Space Browsers and the Event Browser
There are two main types of browser:
Space Browsers Allow your application to not only retrieve the next tuple in a series of tuples, but also to operate directly on the tuple. You can implement: three types of space browser:
Get Browser Retrieves the next tuple in a series of tuples.
Take Browser Retrieves the next tuple in a series of tuples and consumes it.
Lock Browser Retrieves the next tuple in a series of tuples and locks it.
Event Browsers Allow you to iterate through the stream of events (changes) occurring in the space.
Here are some additional differences between space browsers and event browsers:
Space browsers and event browsers both have two methods, next() and stop(). However, a space browser's next() method returns a SpaceEntry, while the event browser's next() method returns a SpaceEvent.
A space browser also has a getType() method, which the event browser does not have.
A space browser's next method will do a get, take, or lock, according to the browser's type: GetBrowser, TakeBrowser, or LockBrowser.
The Get Browser’s next() method does a get on the next tuple to browse (very much like a regular iterator).
The Take Browser’s next() method atomically retrieves and removes the next tuple currently available to take from the space.
The Lock Browser’s next() method atomically retrieves and locks the next tuple currently available to lock in the space).
The Event Browser’s next method returns a SpaceEvent rather than a tuple.
The SpaceEvent objects returned by the event browser’s next method optionally include the initial values, that is, what was in the space at the time the event browser was created.
The initial values are presented as a continuously updated string of PUT events preceding the stream of events that happen after the creation of the event browser.
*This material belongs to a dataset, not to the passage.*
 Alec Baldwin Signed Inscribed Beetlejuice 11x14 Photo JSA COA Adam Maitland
Event browsers allow you to see deletions and expirations of tuples they have already iterated through.
Space browsers deliver the tuples (and initial PUT events) for the initial values in no particular order, and the order might change from one instance of a space browser to another.
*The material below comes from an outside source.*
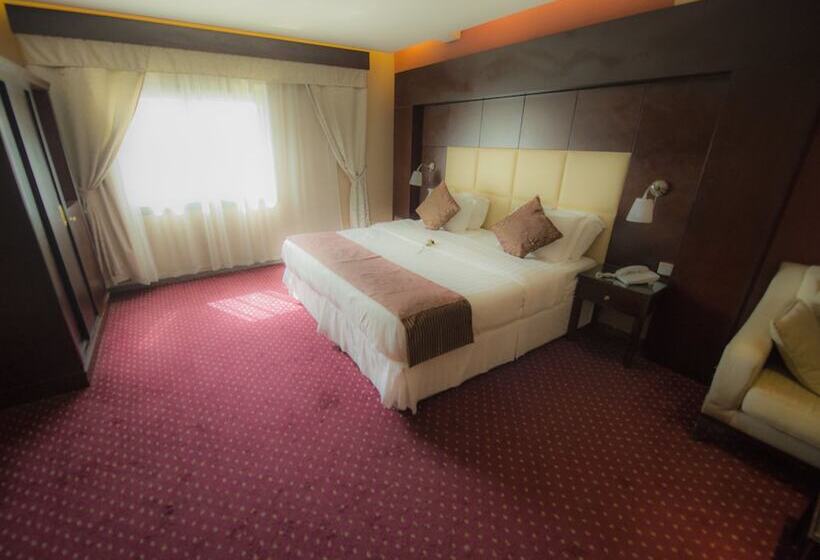 デラックスルーム, Sharz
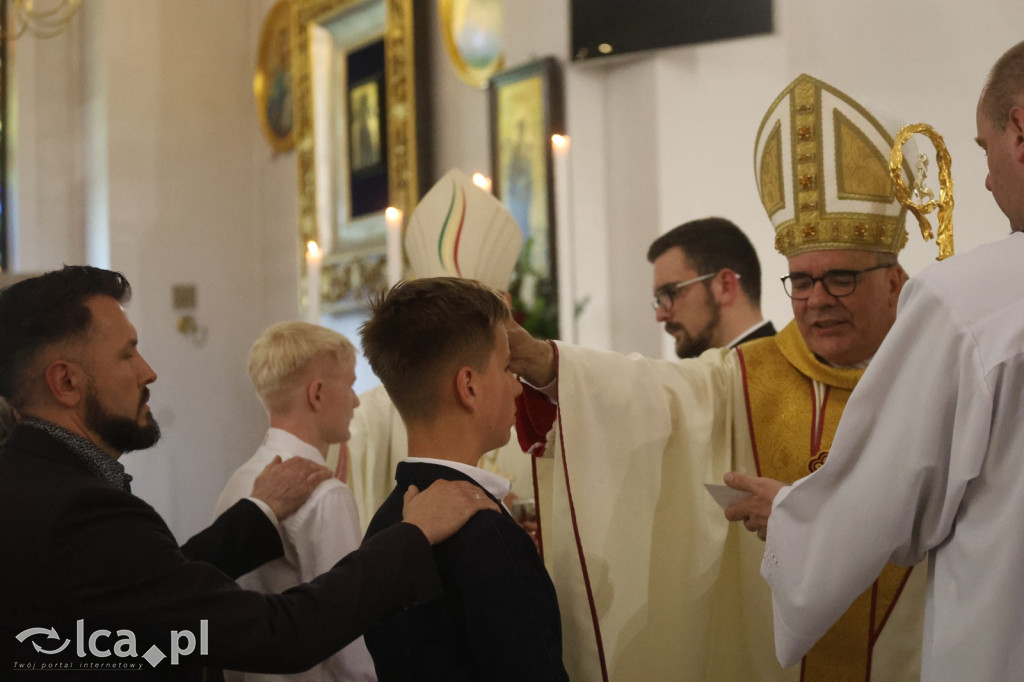 35-lecie parafii Najświętszego Serca Pana Jezusa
Since a space browser is continuously updated, it does not have a next() method; instead, it has a timeout: the amount of time the user is willing for the next call to block in the event that there is nothing to get, take, or lock at the time it is invoked (but there may be in the future).
Continuously updating tuples means that if multiple take browsers created on the same space are used to take tuples from the space using next, a particular tuple is only taken by one of the space browsers, effectively allowing the use of a space as a tuple queue.
Scopes of a Space Browser
A space browser can have either time scope or distribution scope, which are defined by setting the values of fields in the browser’s BrowserDef object:
Time Scope The time scope can be used to narrow the period of time of interest.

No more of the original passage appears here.